Many economists harbor doubts about the long-term impact or the timing of the tax cuts even if they support the underlying goal of making the U.S. more competitive globally. "There is little evidence linking tax cuts to stronger growth," contended Andrew Hunter of Capital Economics.
Another critic, chief economist Mark Zandi of Moody's Analytics, has argued that the economy doesn't need budget-busting tax cuts when unemployment is so low and the current expansion is nearly nine years old. By some estimates the tax cuts could add several trillion dollars to record-high federal deficits over the next decade.
Zandi predicted the tax law will harm the economy several years from now.

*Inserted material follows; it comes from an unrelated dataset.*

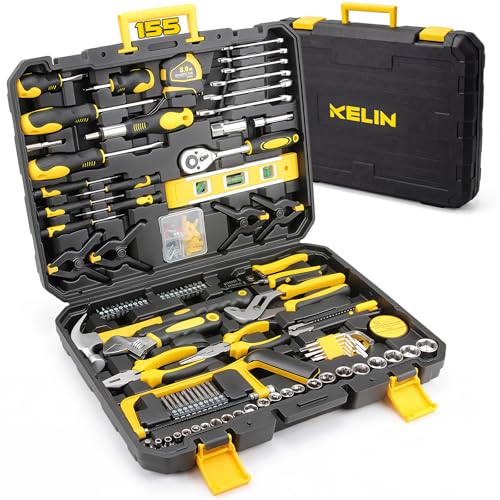 KELIN 155PCS Household Tool Set with Toolbox Ratcheting Screwdriver Sockets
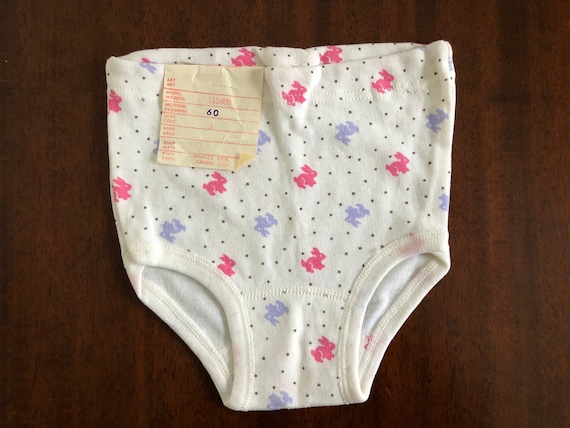 Vintage Children Underwear, Size 4 5, 100 % Cotton, Black Pattern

Yet, even critics such as Zandi acknowledge the U.S. will get an initial boost. According to a Moody's estimate, the economy will grow an average of 2.9% a year until 2020, up from a forecast 2.5% without the tax cuts. That means more jobs and higher pay for workers, among other things.
Higher economic growth and an even tighter labor market, however, could spur inflation and force the Federal Reserve to more aggressively raise interest rates. Higher rates in turn would raise the cost of borrowing for companies and offset the benefits they get from lower taxes, skeptics say.
"We continue to believe this is the wrong time for fiscal stimulus," said Jim O'Sullivan, chief U.S. economist at High Frequency Economics and 19-time winner of MarketWatch's Forecaster of the Month award.
Some economists doubt U.S. interest rates will really rise all that much and reduce borrowing. The U.S. added more than $7 trillion in federal debt during the Obama years, and rates remained stubbornly low.
What's more, the Fed itself has predicted its key short-term rate will rise to no more than 2.8% in the long run — remarkably low by historical standards — amid a global environment of soft inflation.
Others believe the reduction in corporate tax rates and other changes meant to boost business investment could no longer be put off. The success of the tax bill will depend on whether those goals are achieved.
While he calls the tax bill far from perfect, chief economist Stephen Stanley of Amherst Pierpont Securities said Washington needed to do something to help American companies compete better with global rivals and make the U.S. a more attractive place to do business.
"Companies are looking for ways to invest in other countries with lower tax rates and regulations," he said. "The U.S. needs to provide a more favorable environment for investment."
Gary Cohn, President Trump's top economic adviser, said making America a better place to start businesses, hire and invest largely explains why a Republican-led Congress slashed corporate taxes for the first time since 1986.
The goal of Trump's economic strategy, he noted, is to discourage U.S. companies from moving jobs or headquarters overseas and getting foreign firms to open businesses here.
"This is about competing with the rest of the world," Cohn said Wednesday at an event sponsored by the online news service Axios.